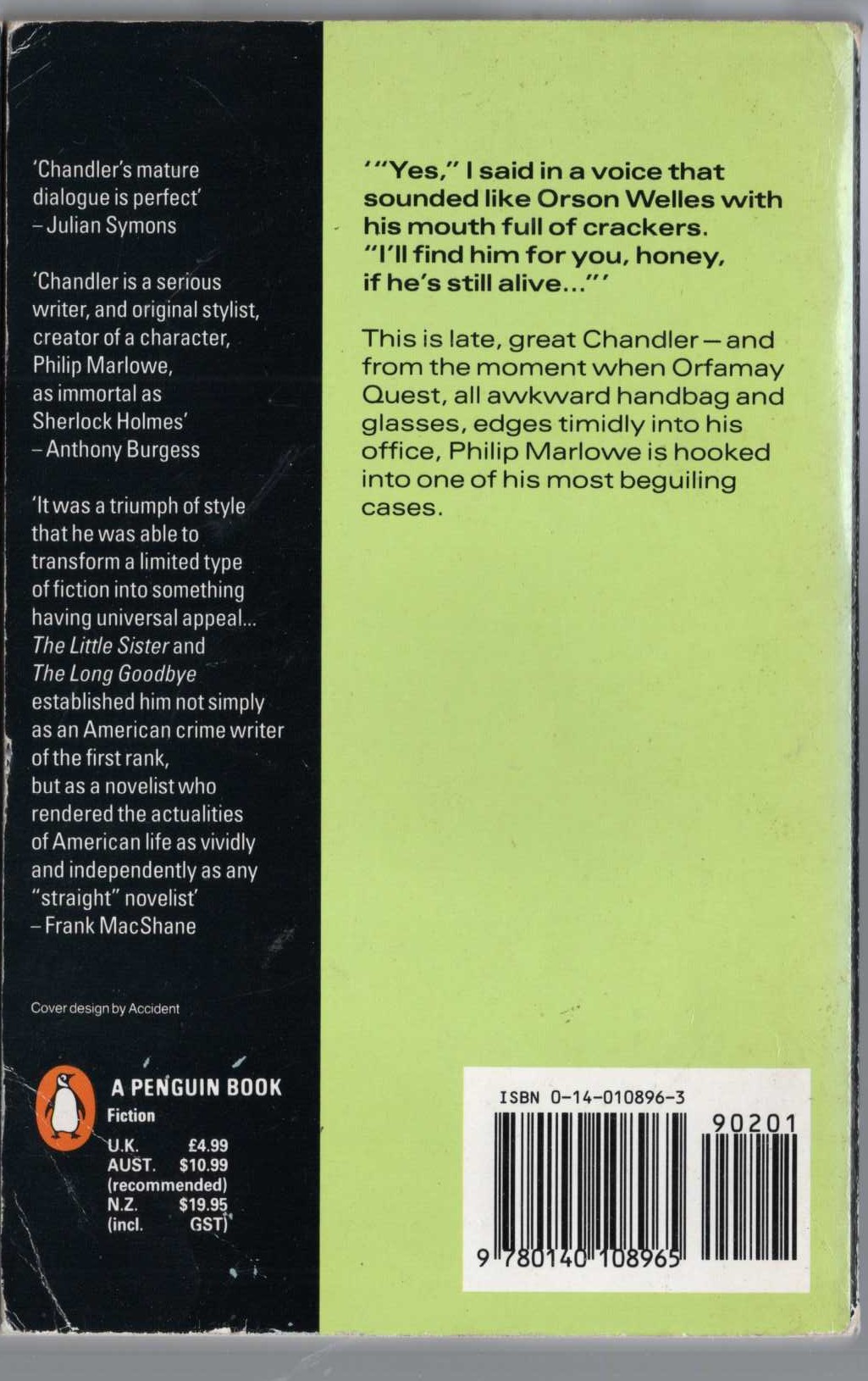 Raymond Chandler  THE LITTLE SISTER magnified rear book cover image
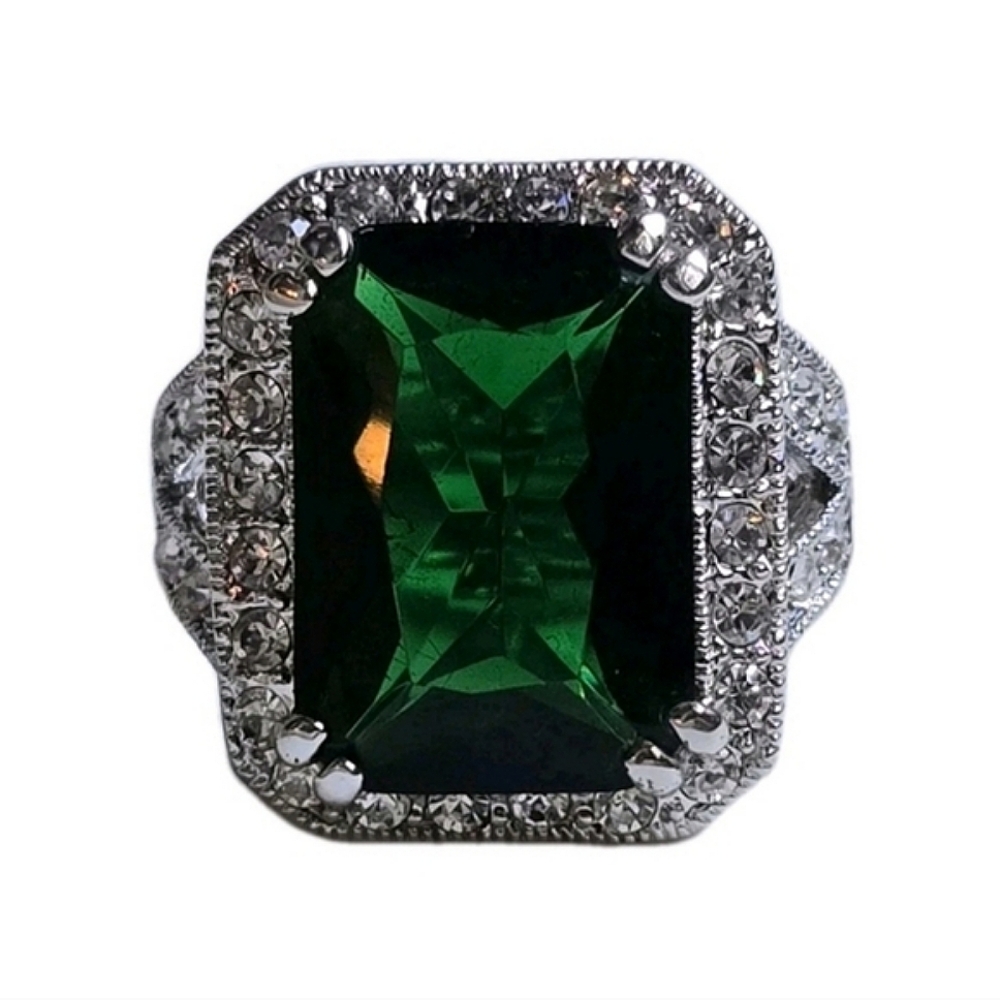 Joan Rivers QVC Art Deco Style Emerald Cut Rhinestones Set Silver Cocktail Ring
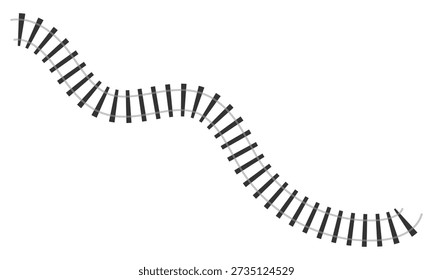 Railway train track vector route. rail pattern curve railroad path icon. vector illustration. eps 10 .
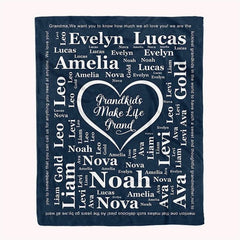 Lofaris Personalized Grandkids Name Blanket Gifts for Grandparent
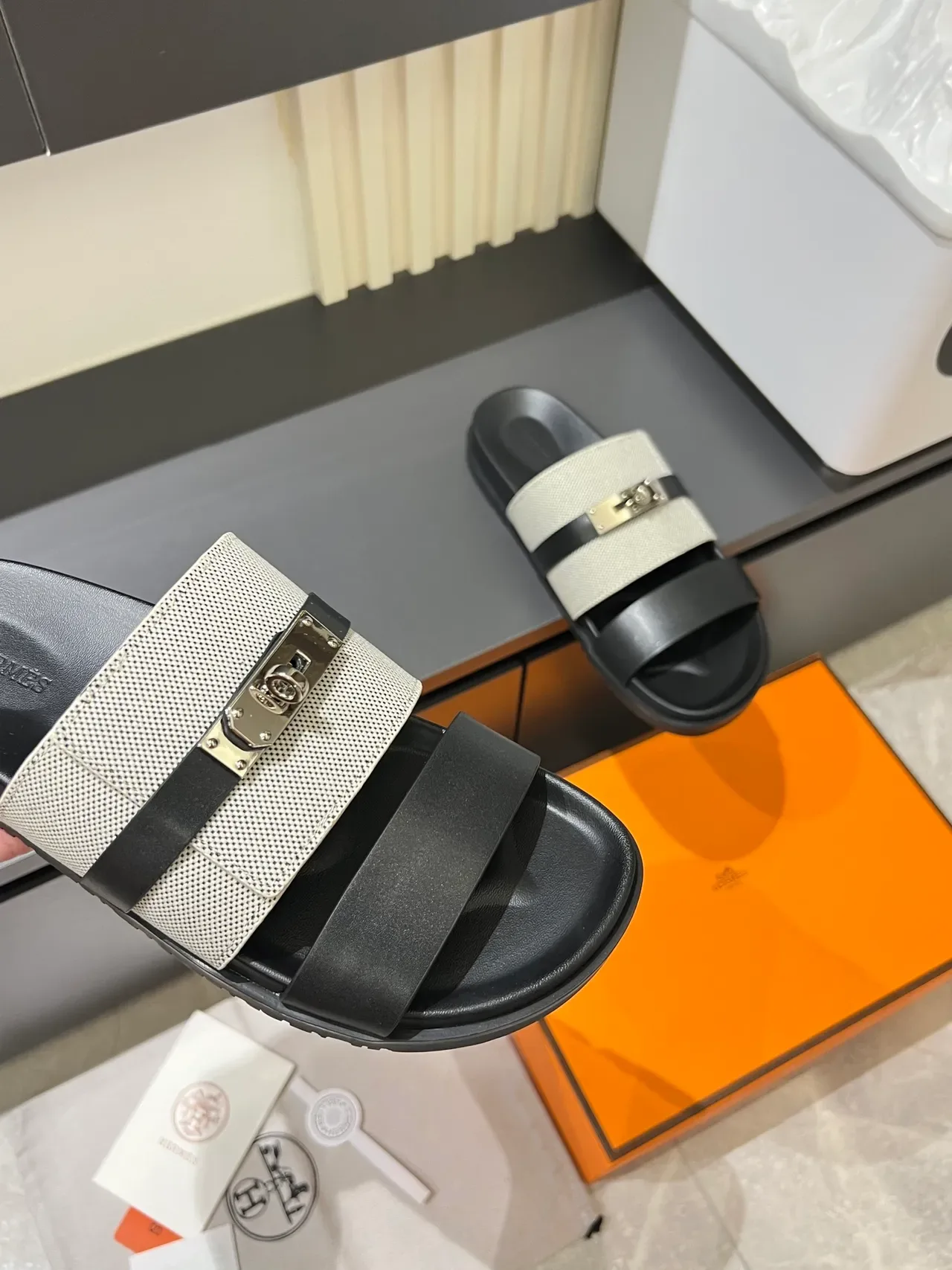 Hermès Oran Two-Strap Slide Slippers 6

══════════════════════════════

# [Exercise goal]
Leave the pictures out and reproduce exactly the lines from the line with "Lofaris Personalized Grandkids" to the end of the material above.

# [Solution to this task]
 Lofaris Personalized Grandkids Name Blanket Gifts for Grandparent
 Hermès Oran Two-Strap Slide Slippers 6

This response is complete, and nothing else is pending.